This Prospectus does not constitute an offer of, or an invitation by or on behalf of the
Issuer, the OBG Guarantor or the Dealer(s) to subscribe for, or purchase, any OBG.
This Prospectus does not constitute an offer to sell or the solicitation of an offer to buy
any OBG in any jurisdiction to any person to whom it is unlawful to make the offer or
solicitation in such jurisdiction. The distribution of this Prospectus and the offer or sale

4



of OBG may be restricted by law in certain jurisdictions. The Issuer, the OBG
Guarantor, the Dealers, the Sole Arranger and the Representative of the OBG Holders do
not represent that this Prospectus may be lawfully distributed, or that any OBG may be
lawfully offered, in compliance with any applicable registration or other requirements in
any such jurisdiction, or pursuant to an exemption available thereunder, or assume any
responsibility for facilitating any such distribution or offering. In particular, unless
specifically indicated to the contrary in the applicable Final Terms, no action has been
taken by the Issuer, the OBG Guarantor, the Dealers, the Sole Arranger or the
Representative of the OBG Holders which is intended to permit a public offering of any
OBG outside Luxembourg or distribution of this Prospectus in any jurisdiction where
action for that purpose is required. Accordingly, no OBG may be offered or sold,
directly or indirectly, and neither this Prospectus nor any advertisement or other offering
material may be distributed or published in any jurisdiction, except under circumstances
that will result in compliance with any applicable laws and regulations. Persons into
whose possession this Prospectus or any OBG may come must inform themselves about,
and observe, any such restrictions on the distribution of this Prospectus and the offering
and sale of OBG. In particular, there are restrictions on the distribution of this Prospectus
and the offer or sale of OBG in the United States, Japan and the European Economic
Area (including the United Kingdom and the Republic of Italy). See also "Subscription
and Sale", below.
Each initial and each subsequent purchaser of an OBG will be deemed, by its acceptance
of such Note, to have made certain acknowledgements, representations and agreements
intended to restrict the resale or other transfer thereof as described in this Prospectus and
in any Final Terms and, in connection therewith, may be required to provide
confirmation of its compliance with such resale or other transfer restrictions in certain
cases.

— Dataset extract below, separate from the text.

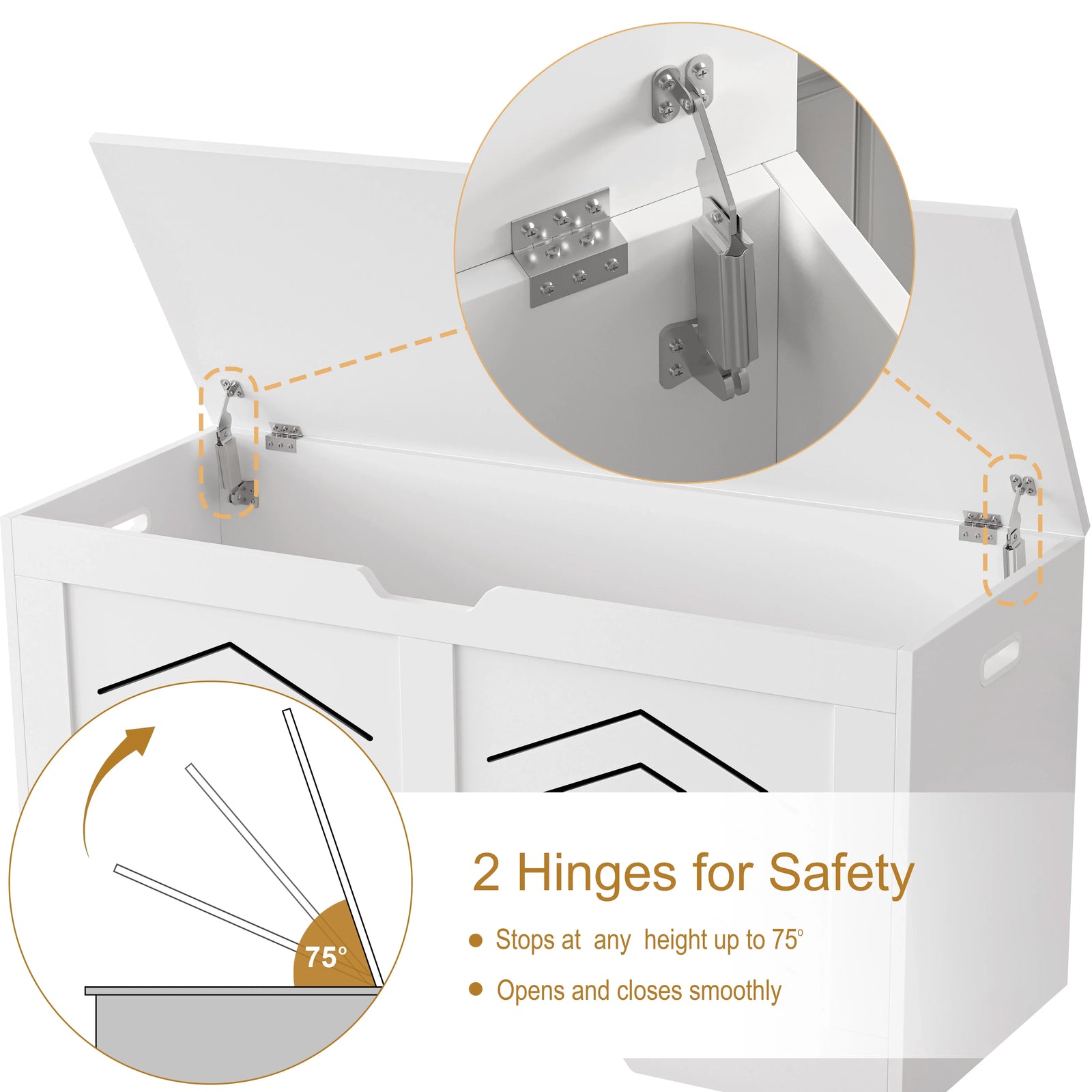 [White] White storage box with hinges and safety features highlighted on a white background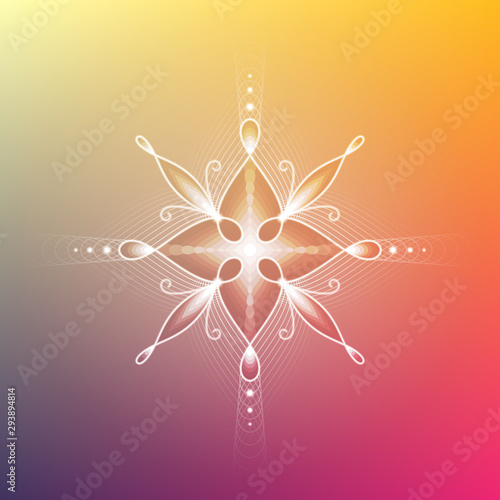 Minimal gradient background; Sacred geometry design; Decorative shiny flower; Energy and vibration of calm; Mindfulness and zen; Vector illustration.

See "Subscription and sale", below.
In connection with the issue of any Series or Tranche under the Programme, the
Dealer or Dealers (if any) named as the stabilising manager(s) (the "Stabilising
Manager(s)") (or persons acting on behalf of any Stabilising Manager(s)) in the
applicable Final Terms may over-allot the relevant Series or Tranche or effect
transactions with a view to supporting the market price of the relevant Series or
Tranche at a level higher than that which might otherwise prevail. However, there
is no assurance that the Stabilising Manager(s) (or any person acting on behalf of
any Stabilising Manager) will undertake stabilisation action. Any stabilisation
action may begin on or after the date on which adequate public disclosure of the
terms of the offer of the OBG of the relevant Series or Tranche is made and, if
begun, may be ended at any time, but it must end no later than the earlier of 30
days after the issue date of the relevant Series or Tranche and 60 days after the
date of the allotment of the relevant Series or Tranche. Any stabilisation action or
over-allotment must be conducted by the relevant Stabilising Manager(s) (or any
person acting on behalf of any Stabilising Manager(s)) in accordance with all
applicable laws and rules.

5



All references in this Prospectus to: (i) "Euro", "" and "euro" refer to the currency
introduced at the start of the third stage of European economic and monetary union
pursuant to the Treaty establishing the European Community (signed in Rome on 25
March 1957), as amended; (ii) "U.S.$" or "U.S. Dollar" are to the currency of the
Unites States of America; (iii) "£" or "UK Sterling" are to the currency of the United
Kingdom; (iv) "Italy" are to the Republic of Italy; (v) laws and regulations are, unless
otherwise specified, to the laws and regulations of Italy; and (vi) "billions" are to
thousands of millions.
Certain monetary amounts and currency translations included in this Prospectus have
been subject to rounding adjustments; accordingly, figures shown as totals in certain
tables may not be an arithmetic aggregation of the figures which preceded them.
The language of this Prospectus is English. Certain legislative references and technical
terms have been cited in their original language in order that the correct technical
meaning may be ascribed to them under applicable law.
The Sole Arranger is acting for the Issuer and no one else in connection with the
Programme and will not be responsible to any person other than the Issuer for providing
the protection afforded to clients of the Sole Arranger or for providing advice in relation
to the issue of the OBG.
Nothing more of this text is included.